### Microsoft Interview Questions

These Are one of the Microsoft Interview Questions, if you attended Microsoft interview recently, please share you interview questions with us through comments or mail them at kchaitanyya@gmail.com

1. What are your interests? ( as in academics/topics)

2. Given a string, search it in a set of strings (say among 1000s of string). What data structure would you use to store those 1000 strings and get the results fastest?

`Answer:I answered hash tables but he said suggest a better      one.He said suggest a better one and then gave me one      Tree sort of DS and then asked me to compare the two.`

3. Reverse a linked list?

4. Find if there is a loop in a linked List?

5. Given two arrays of numbers, find if each of the two arrays have the same set of integers ? Suggest an algo which can run faster than NlogN ?

6. Validate a Binary search tree? ( as in the left- right child follow the property )
`  Well i gave a the some weird eg where the struct was not  a Binary tree but if passed through the test will give  positive results.then he asked me to solve for that too.`

The interviewer gets a bit serious with each stage. He will test ur work for all possible set of inputs.

Prologue: Well in my case he started with how they require not only a programmer but a designer and coder who writes perfect code.

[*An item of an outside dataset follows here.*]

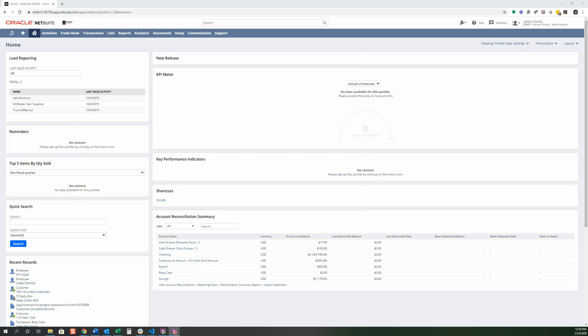Welcome to another NetSuite training lesson. In this lesson we're going to go over how to search and install bundles as well as getting a little bit more information on how third-party companies like SID.ai and other companies create their own bundles to install into NetSuite.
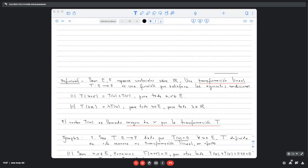Vamos a iniciar. Vamos a ver la tercera unidad del curso, que es transformaciones lineales. Vamos a dar un poco la definición y algunos ejemplos de este tema.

1. Write a routine that takes input as a string such as
`          "aabbccdef" and o/p "a2b2c2def"     or          "a4bd2g4" for "aaaabddgggg"`

write it perfectly as if it should ready to be shipped after you code it.

2. In the same Question (q1) why will u o/p "abc" for the i/p "abc" instead of "a1b1c1" ?

3. Given a NxN matrix with 0s and 1s. now whenever you encounter a 0 make the corresponding row and column elements 0.

Flip 1 to 0 and 0 remains as they are.

for example
1 0 1 1 0
0 1 1 1 0
1 1 1 1 1
1 0 1 1 1
1 1 1 1 1

results in

0 0 0 0 0
0 0 0 0 0
0 0 1 1 0
0 0 0 0 0
0 0 1 1 0

1. Some Questions on the projects listed on your resume?
`     For me some Qs on DB Lock Manager?`

2. Given 2 set of arrays of size N(sorted +ve integers ) find the median of the resultent array of size 2N.
(dont even think of sorting the two arrays in a third array , though u can sort them. Try something better than order N ..order LogN )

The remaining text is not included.